In this exercise, retype exactly and only the lines from the top of the entries below through the line that holds "living room with", omitting pictures.

━━━ Provided material ━━━

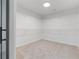 Spacious walk-in closet features wire shelving for optimal organization at 935 Tiber Cir, Alpharetta, GA 30022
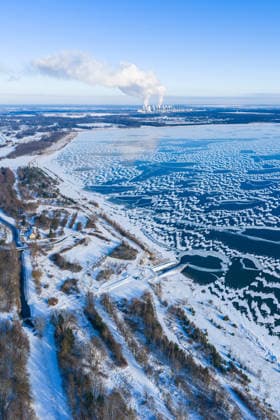 Winterwetter in Brandenburg DEU Deutschland Brandenburg Cottbus, 10.01.2026, Winter am Cottbuser Ostsee, Kraeftige Schneefaelle des Winter-Sturmtiefs Elli haben die Lausitz und die Stadt Cottbus mit dem Cottbuser Ostsee in eine eisige, verschneite Winterlandschaft verwandelt. Blick ueber den teilweise zugefrorenen Cottbuser Ostsee. Am Horizont das Braunkohlekraftwerk Jaenschwalde. Luftaufnahme mit einer Drohne. *** Winter weather in Brandenburg DEU Germany Brandenburg Cottbus, 10 01 2026, Winter at Cottbuser Ostsee, Heavy snowfalls from winter storm Elli have transformed Lusatia and the city of Cottbus with Cottbuser Ostsee into an icy, snowy winter landscape View over the partially frozen Cottbuser Ostsee On the horizon the lignite-fired p AF_Cottbus_Ostsee_31991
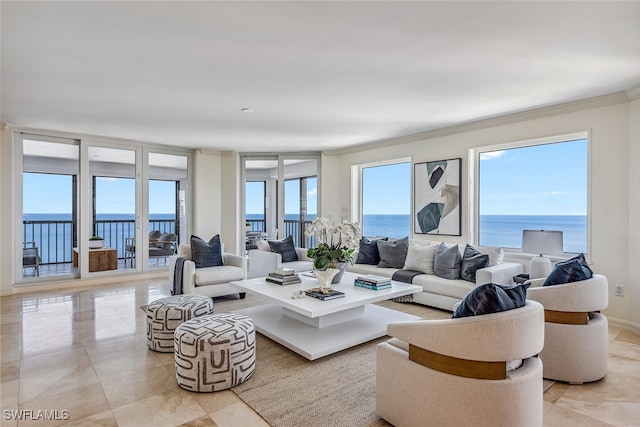 living room with a water view and ornamental molding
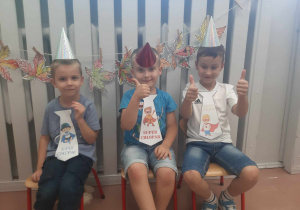 Chłopcy z grupy starszej ubrani w czapeczki i krawaty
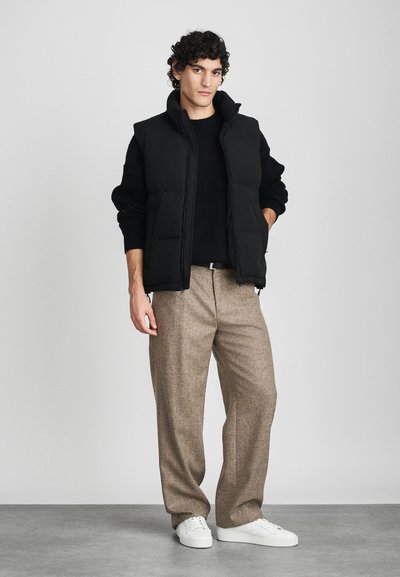 Zwarte gewatteerde vest over een gestructureerd zwart sweater, gecombineerd met lichtbruine op maat gemaakte broek en witte sneakers. Eenvoudig, modern ontwerp.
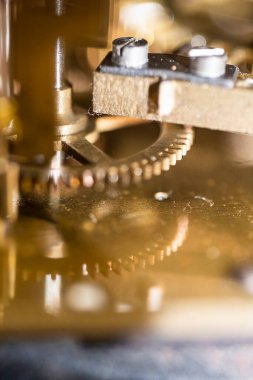 The mechanism of an old watch. clock mechanism made in the technique of toning. Focus on the central gears. Very shallow depth of field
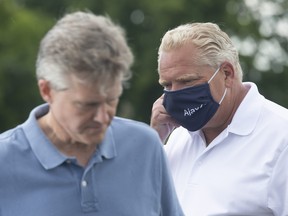 Ontario Premier Doug Ford, and then Finance Minister Rod Phillips trade places at the microphone during an announcement in Ajax, Ont., on Tuesday, July 28, 2020.
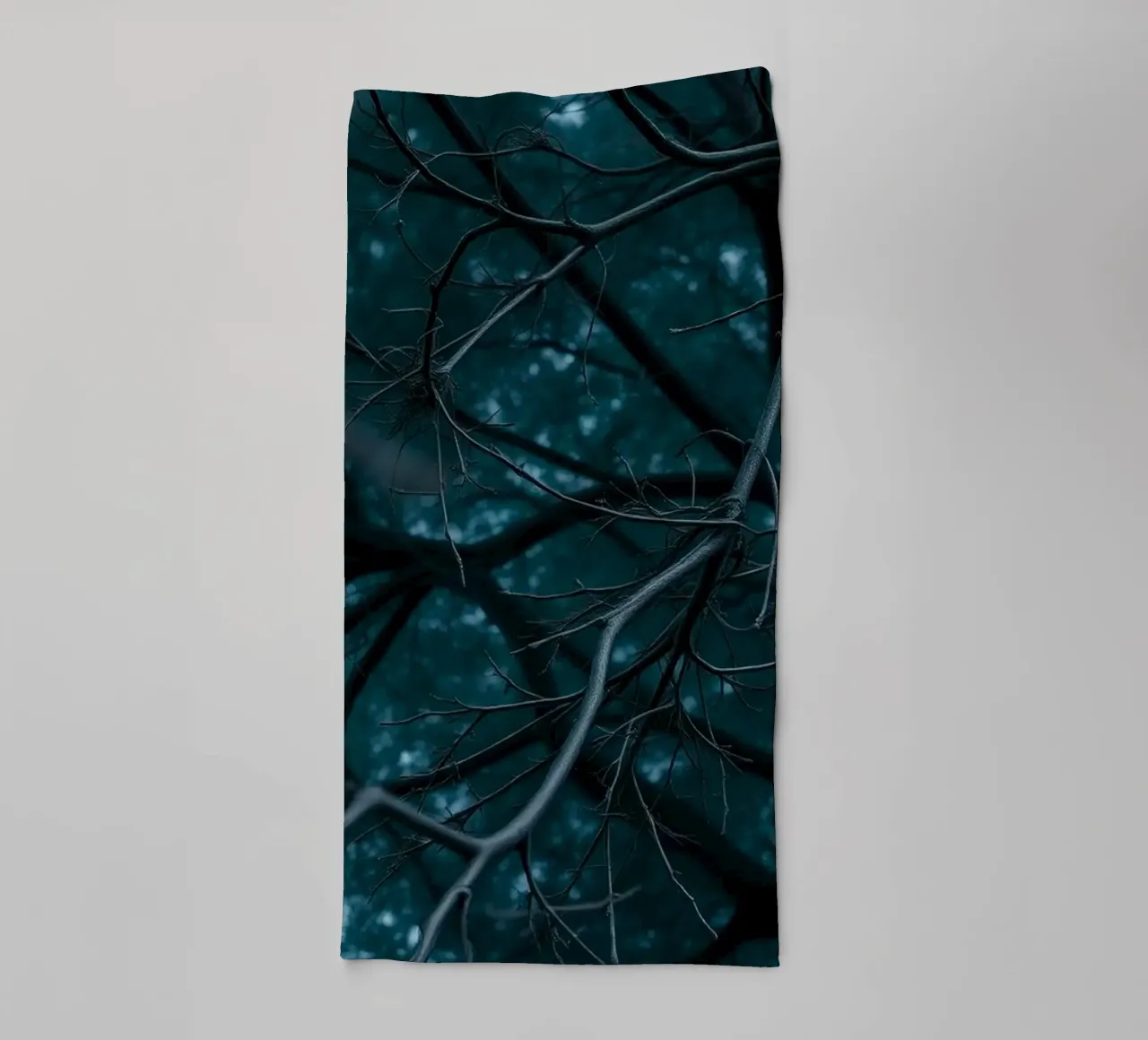 Branches intertwine against a dark, moody backdrop towel by DesignDoodle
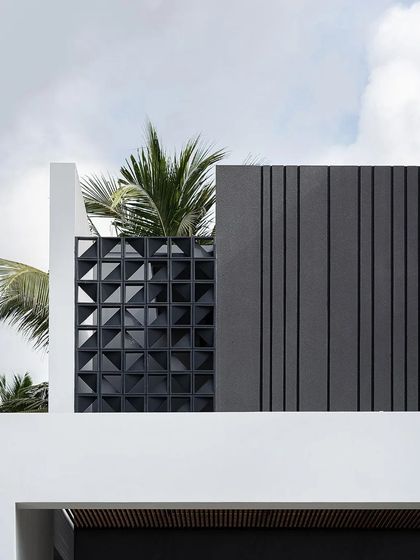 A detail of the facade, showing a custom precast concrete screen with a geometric pattern, which adds texture and privacy to the upper level.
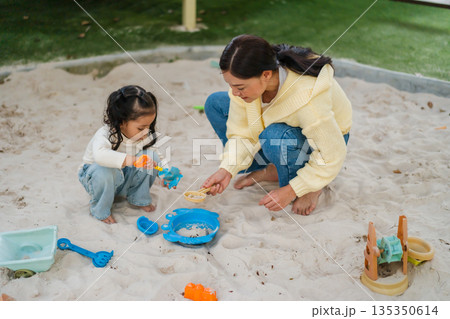 mother and child girl playing sand with toy on playground mother and child girl playing sand with toy on playground 135350614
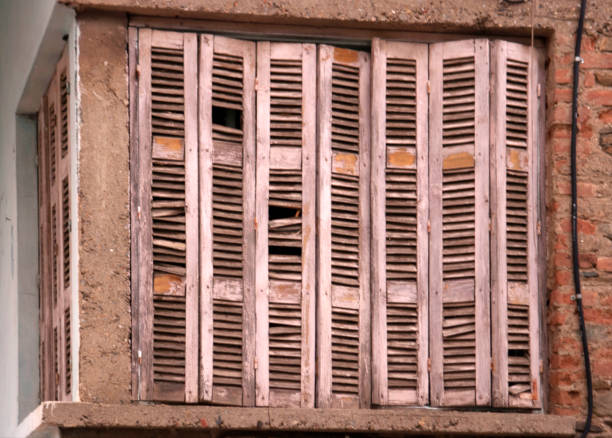 Grunge weathered wooden window shutter in Tire, Turkey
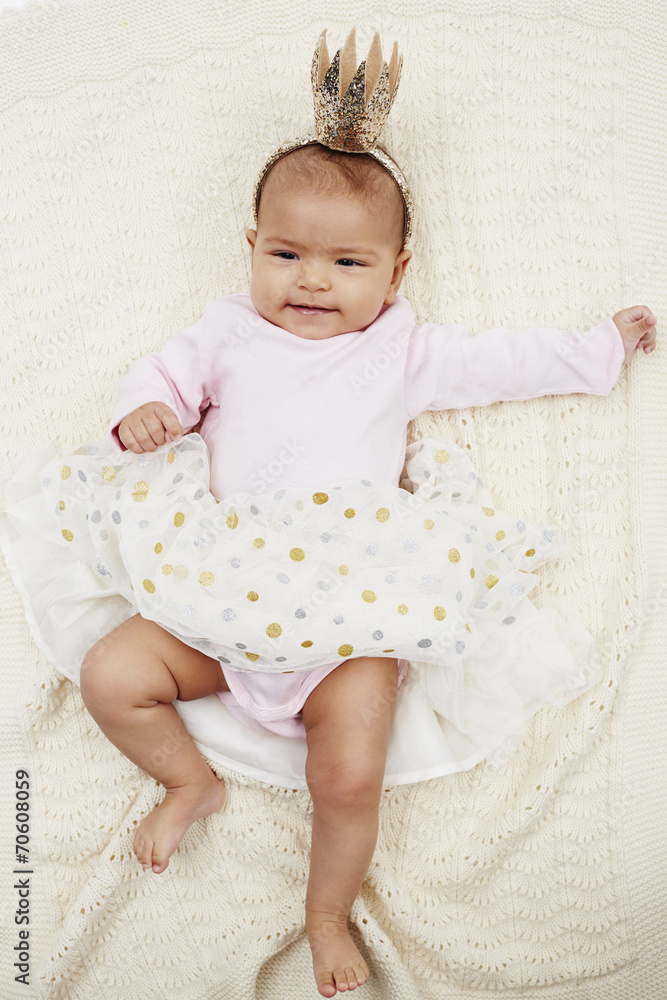 Six month old princess in studio, portrait. Six month old princess in studio, portrait.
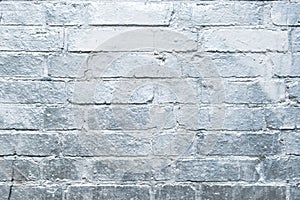 Brick stone wall painted in silver, graffiti background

━━━

Written answer>
 Spacious walk-in closet features wire shelving for optimal organization at 935 Tiber Cir, Alpharetta, GA 30022
 Winterwetter in Brandenburg DEU Deutschland Brandenburg Cottbus, 10.01.2026, Winter am Cottbuser Ostsee, Kraeftige Schneefaelle des Winter-Sturmtiefs Elli haben die Lausitz und die Stadt Cottbus mit dem Cottbuser Ostsee in eine eisige, verschneite Winterlandschaft verwandelt. Blick ueber den teilweise zugefrorenen Cottbuser Ostsee. Am Horizont das Braunkohlekraftwerk Jaenschwalde. Luftaufnahme mit einer Drohne. *** Winter weather in Brandenburg DEU Germany Brandenburg Cottbus, 10 01 2026, Winter at Cottbuser Ostsee, Heavy snowfalls from winter storm Elli have transformed Lusatia and the city of Cottbus with Cottbuser Ostsee into an icy, snowy winter landscape View over the partially frozen Cottbuser Ostsee On the horizon the lignite-fired p AF_Cottbus_Ostsee_31991
 living room with a water view and ornamental molding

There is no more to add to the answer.